Listed records START

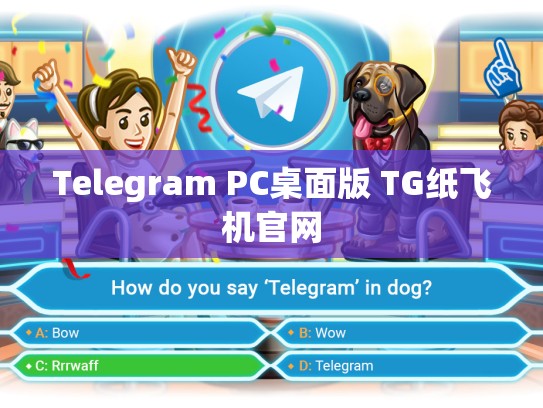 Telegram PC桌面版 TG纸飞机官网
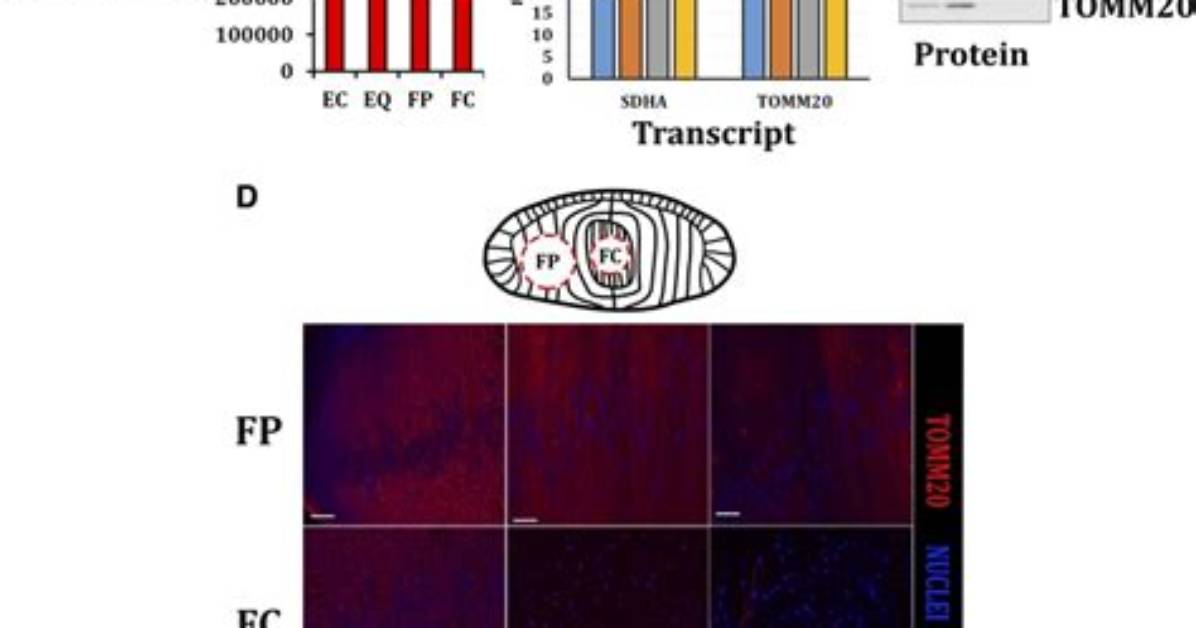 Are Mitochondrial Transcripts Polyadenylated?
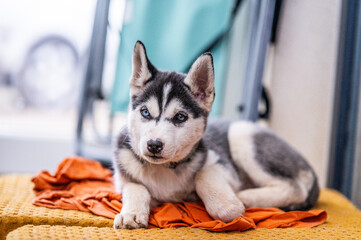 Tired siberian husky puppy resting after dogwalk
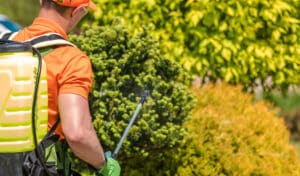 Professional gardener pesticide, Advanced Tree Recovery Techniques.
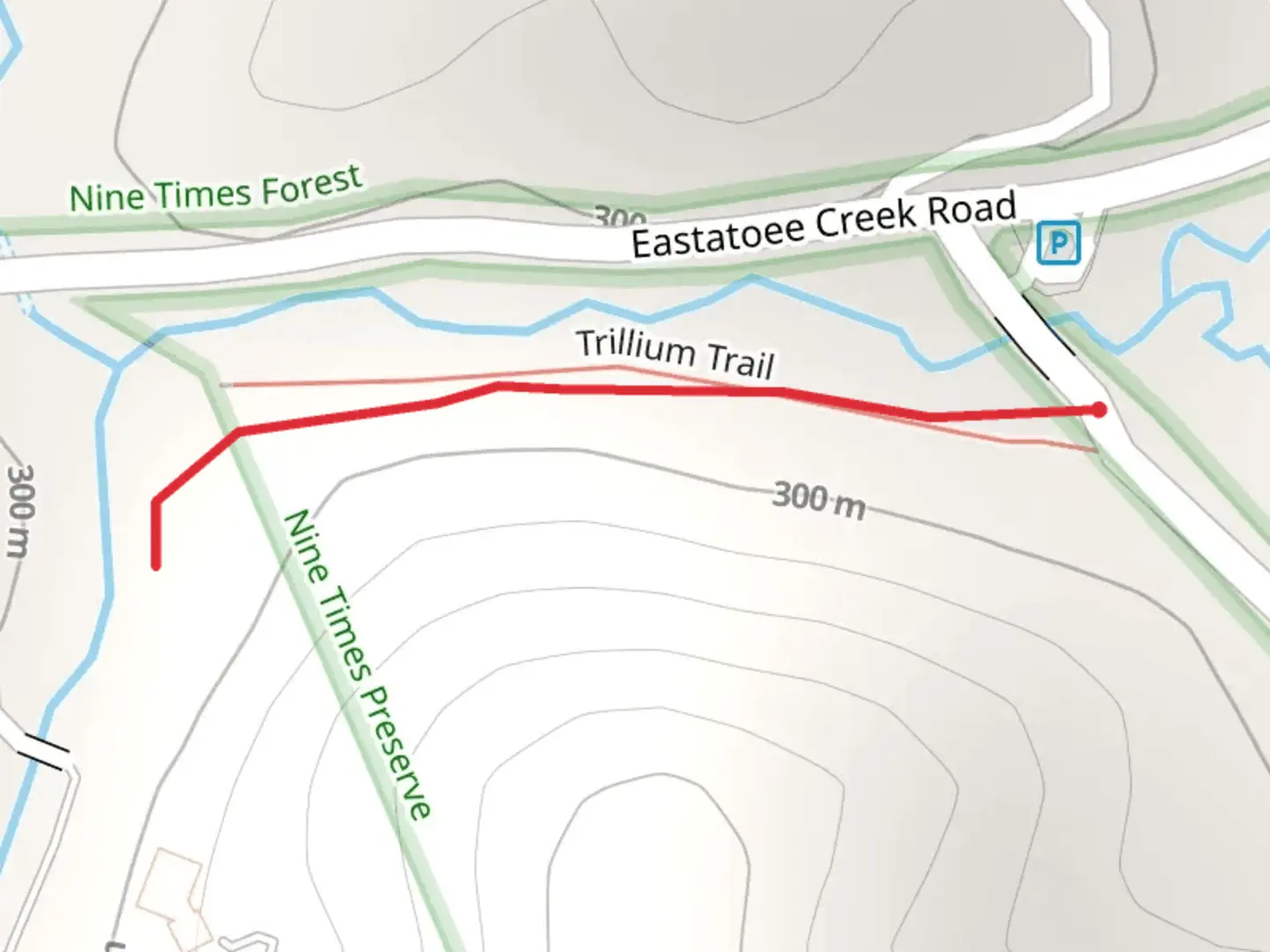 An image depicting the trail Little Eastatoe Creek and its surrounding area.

Listed records END

Work to complete
Please print the entries shown above again, exactly, and skip the pictures.

Answer box
 Telegram PC桌面版 TG纸飞机官网
 Are Mitochondrial Transcripts Polyadenylated?
 Tired siberian husky puppy resting after dogwalk
 Professional gardener pesticide, Advanced Tree Recovery Techniques.
 An image depicting the trail Little Eastatoe Creek and its surrounding area.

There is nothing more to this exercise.